If you can’t destroy opposing creatures, you might as well punish people for playing them. Overburden spells a death sentence for tokens players or players trying to abuse ETB with flicker effects. Even against less creature-dedicated decks, this forces your opponents to step carefully lest they lose their mana base. A deck using Overburden should look towards win conditions that are as creature-light as possible, such as an infinitely large Walking Ballista or something like Approach of the Second Sun.
#19. Reconnaissance Mission // Coastal Piracy
Cycling makes Reconnaissance Mission strictly better than Coastal Piracy, but any deck running one is happy to have the other. These are two of the more assertive blue enchantments, demanding to be played alongside creatures. Blue has plenty of creatures that get along well with this effect; it excels at making Thopter tokens that easily fly past blockers and has a bunch of cards like Triton Shorestalker and Slither Blade that can’t get blocked at all.
We’re looking at some of the best enchantments blue offers, many of which any blue deck would be happy to run. So why not play any of them with Mirrormade? This effect is simple and powerful. Getting a copy of the best artifact or enchantment in play puts you far ahead if you own it or are on par with the player who played the best enchantment. You’ll want your own effects to copy with this card so it’s never dead, but you can get lots of value by copying opposing cards like Smothering Tithe or Bolas's Citadel that your colors or deck might not support.
#17. Dream Halls
Who pays mana for spells these days? Dream Halls lets you pitch cards to pay for spells. This card plays well in mono-blue, with enough card draw to offset the card disadvantage while not worrying about having mismatching colors in hand. Dream Halls could be equally exciting in an all-multicolor deck. The biggest downside is that your opponents get to cast spells for free the same way, but that’s what Counterspell and Lavinia, Azorius Renegade was printed for.
#16. Imprisoned in the Moon
Imprisoned in the Moon gives blue one of its few ways to really remove a permanent, turning that pesky Gaea's Cradle or Chandra, Flamecaller into a Wastes. This is especially powerful as removal for opposing commanders. A permanent becoming a different permanent doesn’t make it change zones, so your opponent can’t put their commander in the command zone after it’s enchanted with this. They must remove the land or the enchantment or lose access to their marque card forever.
#15. Training Grounds
Training Grounds is an easy card to break.
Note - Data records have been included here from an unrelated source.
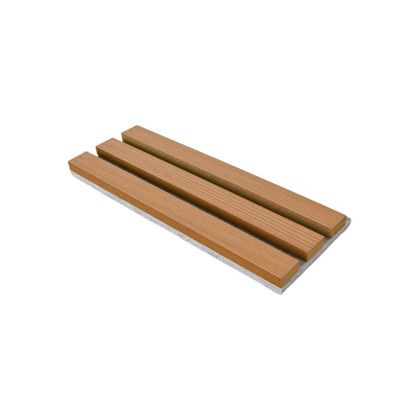 High NRC MDF Acoustic Wood Slat Panels, Văn phòng gỗ slates bảng âm thanh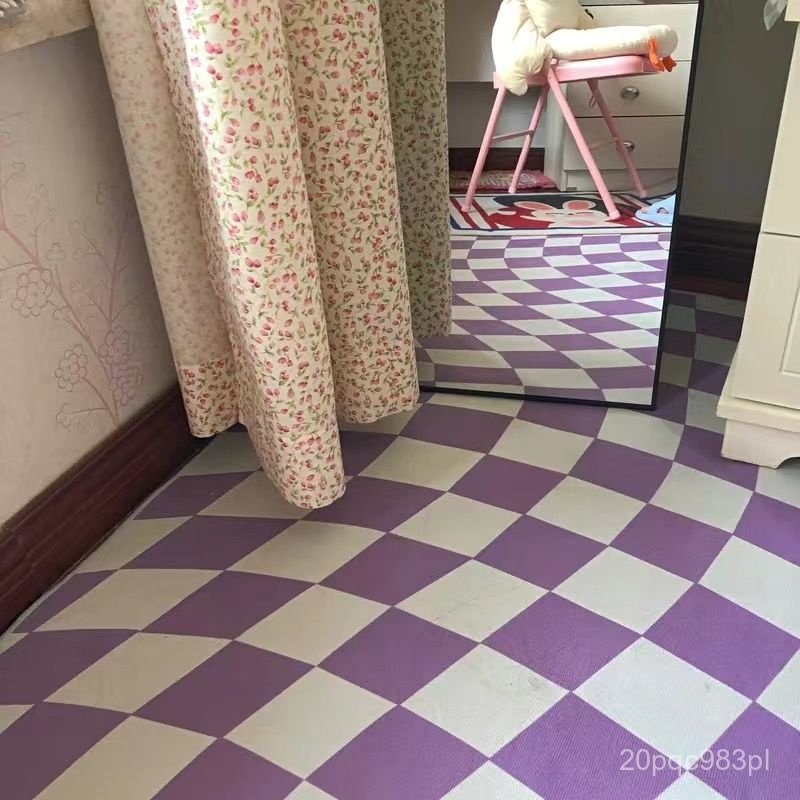 Ins Retro Chessboard Lattice Carpet Morocco Checkerboard Living Room Non-slip Large Area Rugs Bedroo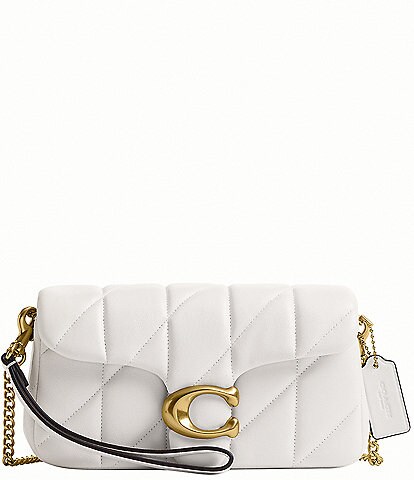 COACH Quilted Leather Tabby 19 Clutch Bag
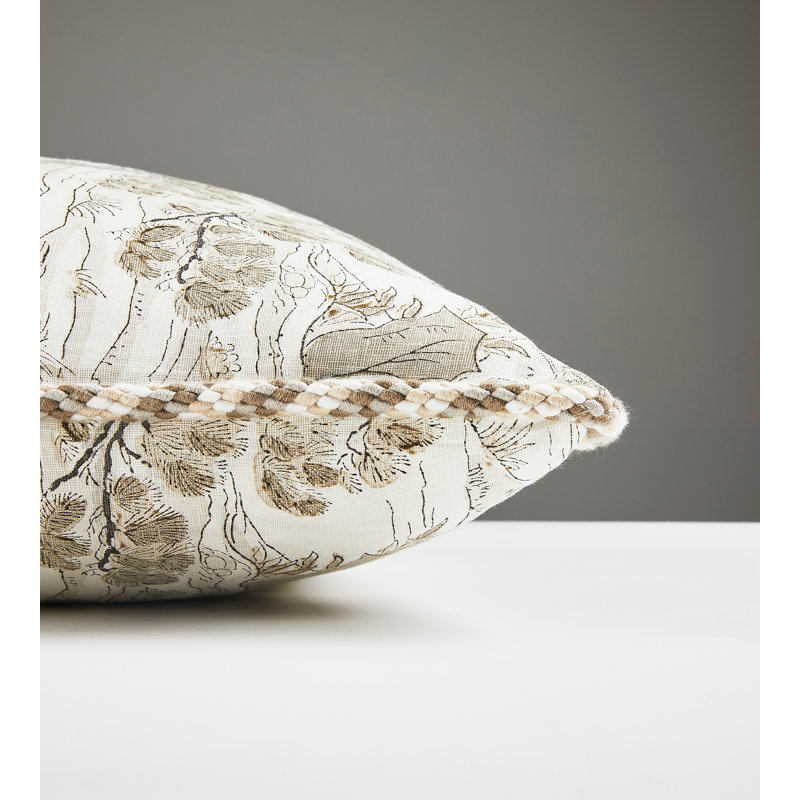 Pacifica Square Pillow Cover & Insert, Pewter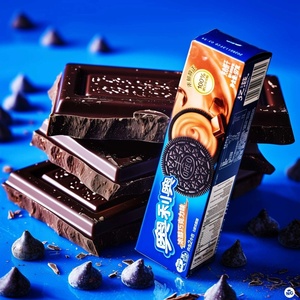 Biscotti Sandwich Oreo al Gusto di <span class=keywords><strong>Crema</strong></span> al Cioccolato all'Ingrosso, Dolci per il Tè del Pomeriggio, Biscotti al Gusto di Frutta - Product Image 2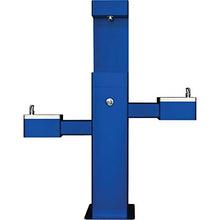 Global Industrial Outdoor Bottle Filling Station with Bi-Level Drinking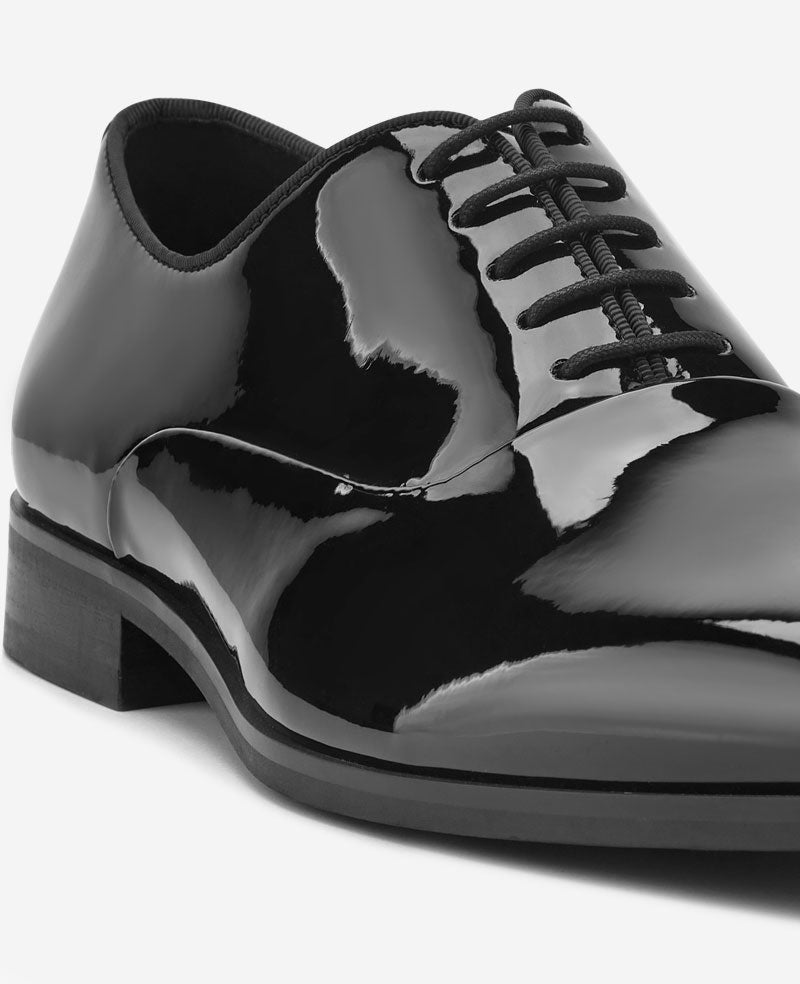 Kenneth Cole Reaction REACTION Hadley Lace Up Oxford scarpa stringata nero vernice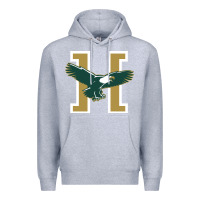 Heather Grey husson  eagles Premium Hoodie - linhVisuals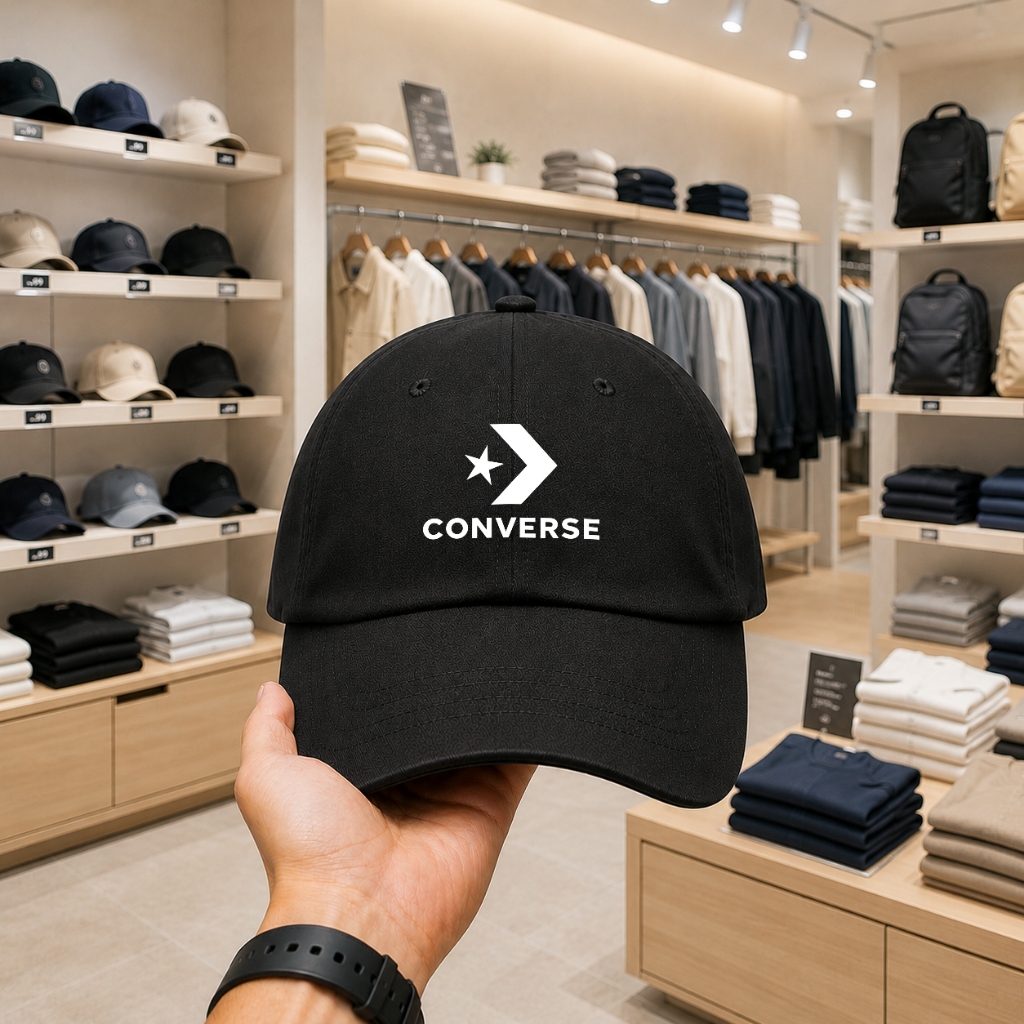 [ORI] Topi Distro Original 100% Converse Baseball Keren Premium Cotton OOTD Korea Style Unisex Perin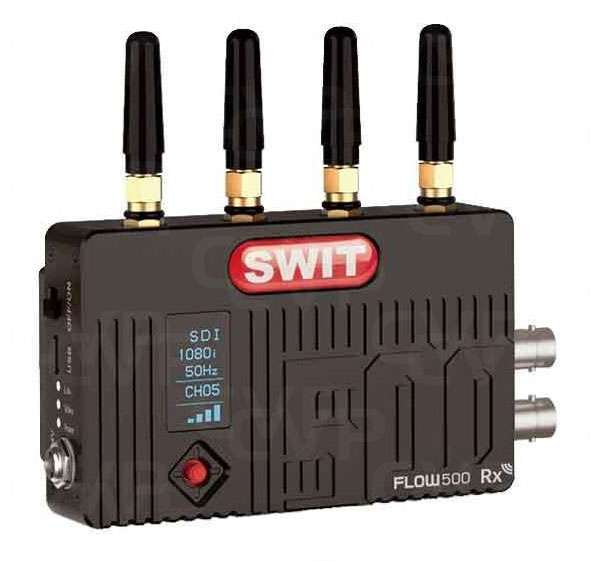 SWIT FLOW500 TX+2RX | 500FEET(150M) NEW GENERATION WIRELESS FHD VIDEO 1 TRANSMITTER WITH 2 RECEVIERS, SUPER ANTI-INTERFERENCE, NO-DELAY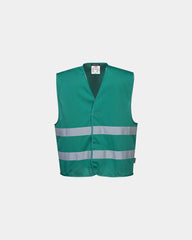 Reflecterend gilet Iona MeshAir om te personaliseren - Donkergroen
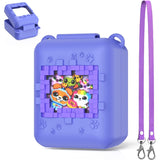 Silicone Cover Case for Bitzee Interactive Toy Digital Pet Case, with Shoulder and Hand Strap, Protective Skin Sleeve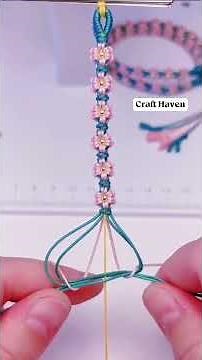 Learn how to knit a beautiful flower bracelet #diy #crafting #bracelet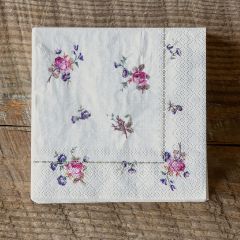 Floral Paper Beverage Napkins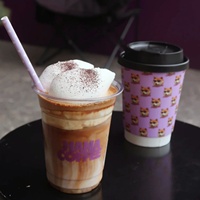 Gobelets jetables transparents personnalisés avec logo imprimé pour boissons froides, thé au lait Boba, café glacé, smoothies, en plastique PET PP avec couvercles et pailles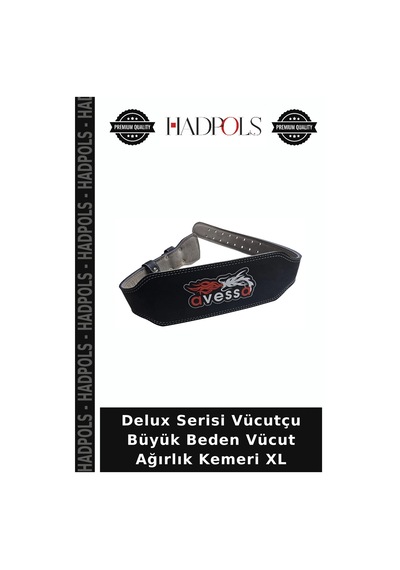 Delux Serisi Vücutçu Büyük Beden Vücut Ağırlık Kemeri Xl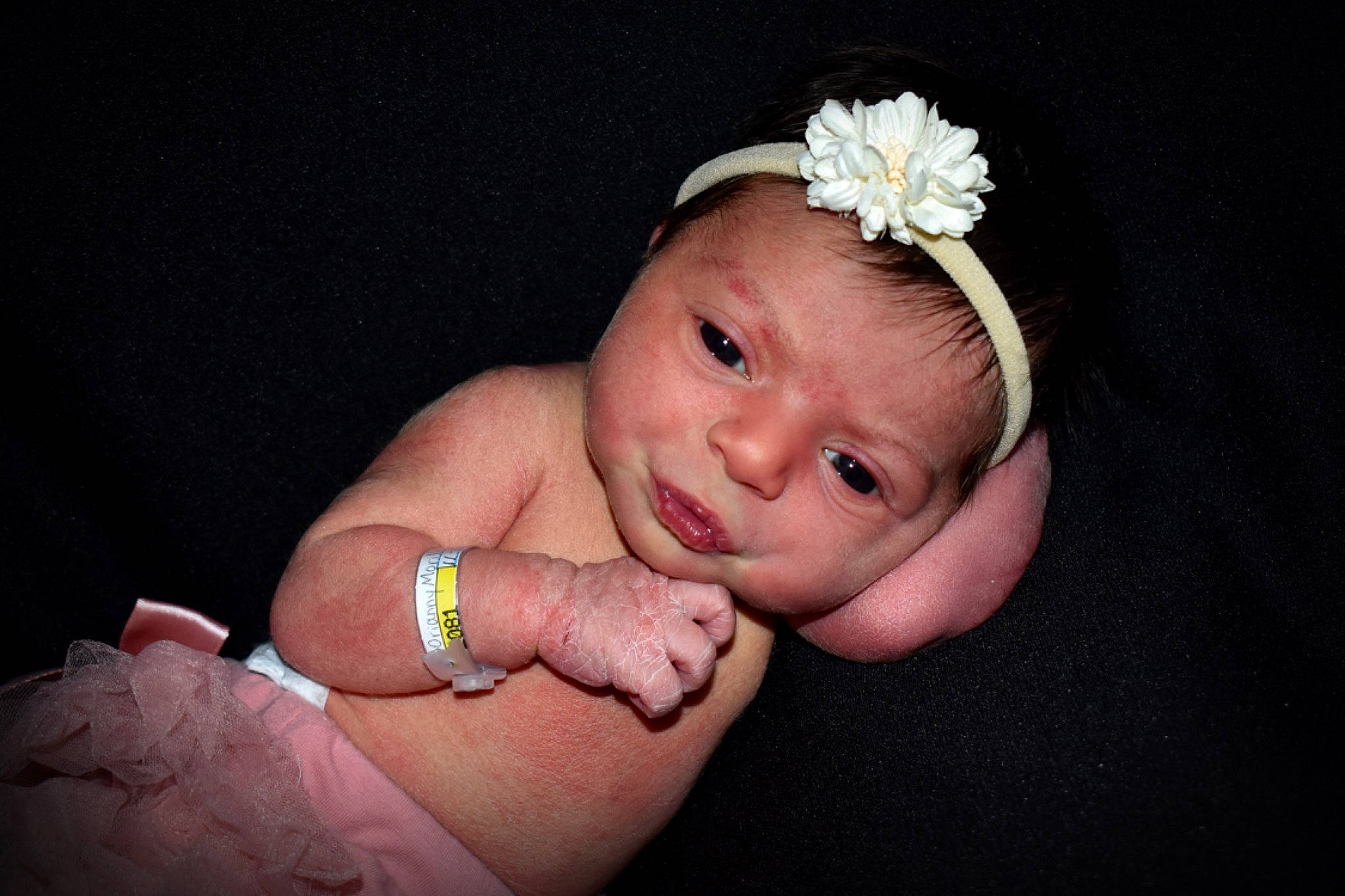 Arianny joined the competition — help win amazing prizes! baby, baby_toddler_clothing, cheek, child, dress, event, eyebrow, finger, flash_photography, gesture, hair, hand, happy, headband, headpiece, jewellery, nail, person, thumb, toddler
Even if you’re attempting to use it fairly, this is a steep discount to give powerful activated abilities, like those of Kenrith, the Returned King or Memnarch. If you aren’t inclined to be fair, it’s easy to whip up some form of infinite combo alongside a few other pieces, like Mox Opal and Drafna, Founder of Lat-Nam for infinite storm ahead of a Brain Freeze.
#14. Energy Flux
Commander players underrate the value of going for artifact en masse, preferring targeted removal like Nature's Claim. Energy Flux is a great card to go for all artifacts. This prevents opponents from building up Treasure tokens or mana rocks, which is especially powerful in the face of greedy mana bases skimping on lands in favor of Signets and the like. It can also be a potent sideboard card for Eternal formats trying to deal with decks that dump a bunch of artifacts in play in a turn or two.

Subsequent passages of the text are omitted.